Written byChris Bing
At least $100 million in funding specifically to counter Russian information operations will be available under a newly unveiled spending bill to keep the U.S. government running until the end of September.
Dubbed the “Countering Russian Influence Fund,” the new initiative is designed to provide support to “civil society organizations and other entities” based in Europe, Eurasia and Central Asia.
The inclusion of the provision comes just one day after President Trump once again downplayed the impact of Russian information operations on the 2016 presidential election during a nationally televised interview with CBS News. The Office of the Director of National Intelligence published a historic, declassified report in January accusing Russian intelligence services of hacking into the Democratic National Committee and email mailbox of top political strategist John Podesta in an effort to leak confidential messages that would discredit Democratic candidate Hillary Clinton.
Private sector cybersecurity firms have warned in recent months that a hacking group synonymous with Russian intelligence services, known as APT28 or Fancy Bear, is actively targeting political organizations in France and Germany — both of which plan to hold elections later this year.

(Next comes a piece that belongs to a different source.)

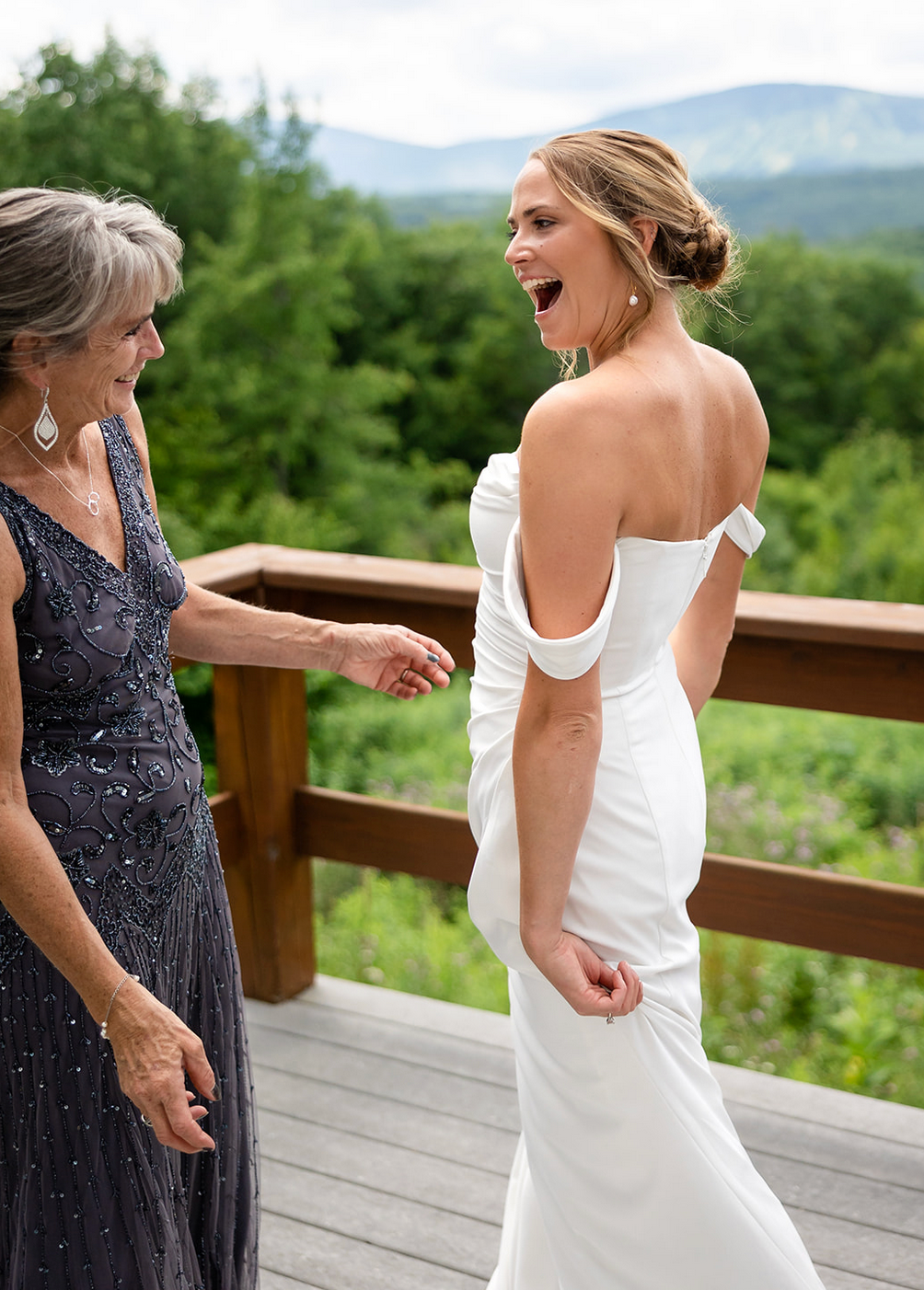 Bride in white dress laughs with a woman in a grey dress on a wooden deck overlooking mountains.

In Congress, lawmakers are becoming increasingly aware of the threat of information warfare — a term used to broadly define propaganda efforts undertaken by a nation state to strategically influence public opinion in a foreign country — after several recent congressional hearings, which brought experts to Capitol Hill to discuss the matter.
“Not less than $100,000,000 shall be made available for assistance to counter Russian influence and aggression in countries in Europe and Eurasia: Provided, That such funds shall be referred to as the Countering Russian Influence Fund (the Fund), and be made available to civil society organizations and other entities in such countries for rule of law, media, cyber, and other programs that strengthen democratic institutions and processes and counter Russian influence and aggression,” the bill reads.

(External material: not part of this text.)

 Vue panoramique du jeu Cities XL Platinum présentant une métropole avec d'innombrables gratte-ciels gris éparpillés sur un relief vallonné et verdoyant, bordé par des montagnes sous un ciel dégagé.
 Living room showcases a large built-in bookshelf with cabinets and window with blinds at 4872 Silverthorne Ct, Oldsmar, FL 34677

The legislation also importantly establishes an implementation framework for the “Countering Russian Influence Fund,” which calls on Secretary of State Rex Tillerson and USAID Administrator Wade Warren to submit a spending plan within 45 days of the bill’s passage to the Committees on Appropriations “detailing the proposed uses of the Fund on a country-by-country basis.”
This is not the first time Congress has introduced legislation that aims to stifle Russian information operations. In early January, Democratic Sen. Ben Cardin of Maryland, a ranking member on the Senate Foreign Relations committee, sponsored the Counteracting Russian Hostilities Act of 2017, an expansive and comprehensive sanctions bill that proposes a package of fiscal and diplomatic penalties against the Kremlin.